━━ DATA FOR PROCESSING ━━

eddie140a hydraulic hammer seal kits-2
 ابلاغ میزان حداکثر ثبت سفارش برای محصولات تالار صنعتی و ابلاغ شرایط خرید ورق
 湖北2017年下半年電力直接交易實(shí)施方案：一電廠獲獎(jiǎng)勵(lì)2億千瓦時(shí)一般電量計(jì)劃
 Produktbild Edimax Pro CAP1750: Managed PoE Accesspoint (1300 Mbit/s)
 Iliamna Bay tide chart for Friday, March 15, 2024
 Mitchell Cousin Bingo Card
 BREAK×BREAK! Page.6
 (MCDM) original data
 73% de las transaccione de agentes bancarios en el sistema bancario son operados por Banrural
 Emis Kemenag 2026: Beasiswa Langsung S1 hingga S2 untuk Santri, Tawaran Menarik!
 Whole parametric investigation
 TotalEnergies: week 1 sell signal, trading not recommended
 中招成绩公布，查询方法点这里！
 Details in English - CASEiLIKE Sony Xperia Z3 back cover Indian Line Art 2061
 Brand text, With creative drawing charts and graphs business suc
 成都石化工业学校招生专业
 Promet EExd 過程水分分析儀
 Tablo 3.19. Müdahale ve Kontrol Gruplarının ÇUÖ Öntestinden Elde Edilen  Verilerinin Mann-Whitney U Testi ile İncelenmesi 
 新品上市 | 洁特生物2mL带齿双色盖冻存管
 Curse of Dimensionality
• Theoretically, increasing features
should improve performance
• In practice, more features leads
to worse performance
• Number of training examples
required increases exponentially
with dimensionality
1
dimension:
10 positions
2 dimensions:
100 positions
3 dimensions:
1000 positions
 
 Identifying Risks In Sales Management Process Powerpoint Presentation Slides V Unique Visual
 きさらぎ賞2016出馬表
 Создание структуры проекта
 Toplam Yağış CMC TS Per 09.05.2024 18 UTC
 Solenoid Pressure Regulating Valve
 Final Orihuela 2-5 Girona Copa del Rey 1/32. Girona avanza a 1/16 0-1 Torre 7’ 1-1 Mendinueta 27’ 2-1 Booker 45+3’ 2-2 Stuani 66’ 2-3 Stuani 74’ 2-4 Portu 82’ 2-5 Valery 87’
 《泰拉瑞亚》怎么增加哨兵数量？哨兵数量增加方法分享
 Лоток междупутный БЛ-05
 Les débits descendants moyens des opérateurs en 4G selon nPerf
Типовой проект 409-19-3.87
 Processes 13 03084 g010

━━━

[REQUIRED WORK] Return the line that contains "more features leads", along with every line after it in the data above, exactly and with nothing else.

[ANSWER SPACE]
• In practice, more features leads
to worse performance
• Number of training examples
required increases exponentially
with dimensionality
1
dimension:
10 positions
2 dimensions:
100 positions
3 dimensions:
1000 positions
 
 Identifying Risks In Sales Management Process Powerpoint Presentation Slides V Unique Visual
 きさらぎ賞2016出馬表
 Создание структуры проекта
 Toplam Yağış CMC TS Per 09.05.2024 18 UTC
 Solenoid Pressure Regulating Valve
 Final Orihuela 2-5 Girona Copa del Rey 1/32. Girona avanza a 1/16 0-1 Torre 7’ 1-1 Mendinueta 27’ 2-1 Booker 45+3’ 2-2 Stuani 66’ 2-3 Stuani 74’ 2-4 Portu 82’ 2-5 Valery 87’
 《泰拉瑞亚》怎么增加哨兵数量？哨兵数量增加方法分享
 Лоток междупутный БЛ-05
 Les débits descendants moyens des opérateurs en 4G selon nPerf
Типовой проект 409-19-3.87
 Processes 13 03084 g010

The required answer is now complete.